Researchers at ETH Zurich want to use board games to help cultivate oil palm trees more sustainably. The goal is to find a balance between environmental impact and economic efficiency. By Atlant Bieri

(From "Horizons" no. 106, September)
Image: © Jaboury Ghazoul

The spread of oil palm plantations is one of the main reasons for the loss of rainforests in South America, Africa and Asia. But a world without palm oil is unthinkable. It is the most important lipid used in the food industry and is also an ingredient of many creams and beauty products. Now an international team of researchers under the auspices of ETH Zurich hopes at the very least to make the production of palm oil more eco-friendly.

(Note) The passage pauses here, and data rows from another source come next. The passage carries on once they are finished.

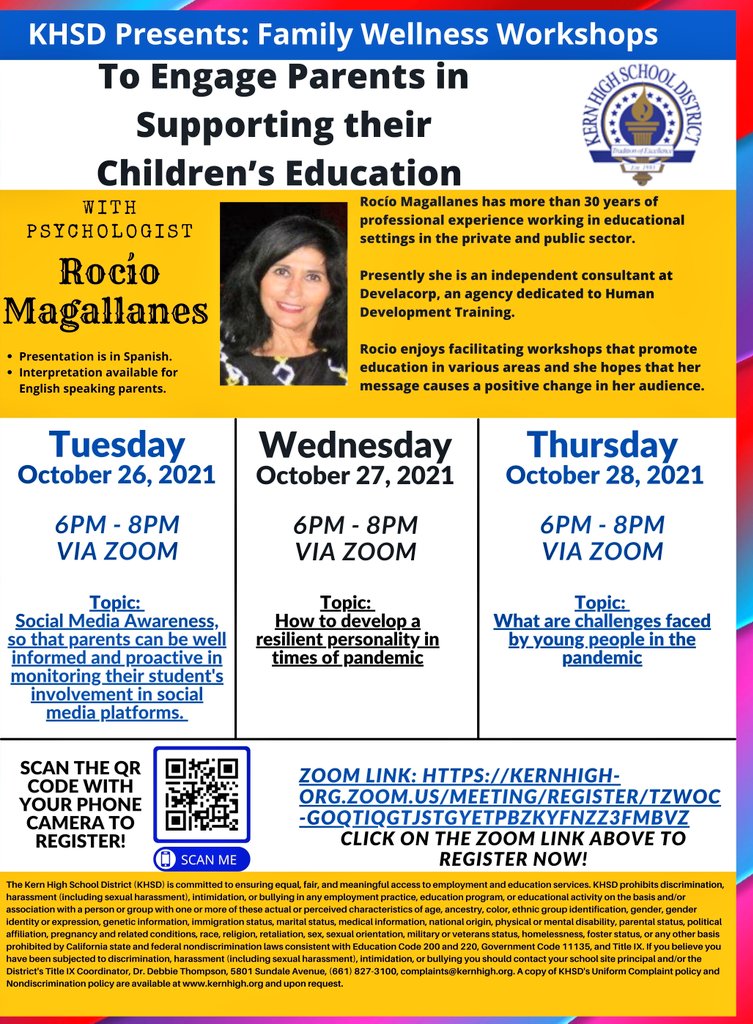 Family Wellness workshops will be presented in Spanish and interpretation will be available for English speaking families.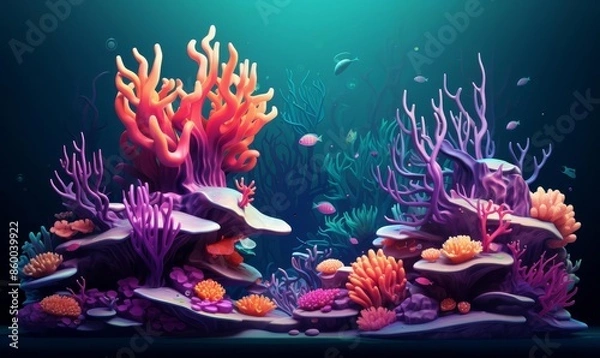 Fototapeta coral reefs ecosystem flat design side view ocean habitat 3D render Triadic color scheme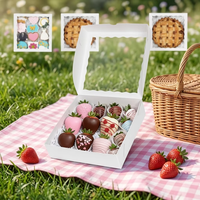 Boîtes d'emballage alimentaire personnalisées, boîte à pâtisserie, boîte rectangulaire blanche résistante à l'humidité avec fenêtre à bord ondulé pour pâtisserie, dessert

In order to achieve this, they’re resorting to unusual means. They’re using board games in the regions affected to try and show farmers, landowners, companies and politicians just what consequences can arise if they don’t take care of their natural resources. The project is called ‘Oil Palm Adaptive Landscapes’ (OPAL, see ‘The science of development cooperation’). It began in May this year and is expected to last for six years. It is focussed on three countries: Indonesia, Cameroon and Columbia. “Indonesia is the biggest palm oil producer in the world, but the plantations in the other two countries are also growing rapidly today”, says the project head, Jaboury Ghazoul, who is an ecologist at ETH Zurich.

In the first phase of their project, the researchers measure the environmental parameters of the rainforest: the loss of biodiversity, the availability of groundwater and its carbon storage capacity. Using this data, the researchers enter their second phase, designing a simple board game to reflect reality.

Interest groups around one table

On the board, the jungle stands next to the oil palm plantation. Both are traversed by waterways and irrigation channels, and they are divided up into different plots of land. Each of the different interest groups will be invited to several rounds of the game. Every participant will be given a playing piece along with money and land, and can cultivate the natural resources of rainforest, water and biodiversity.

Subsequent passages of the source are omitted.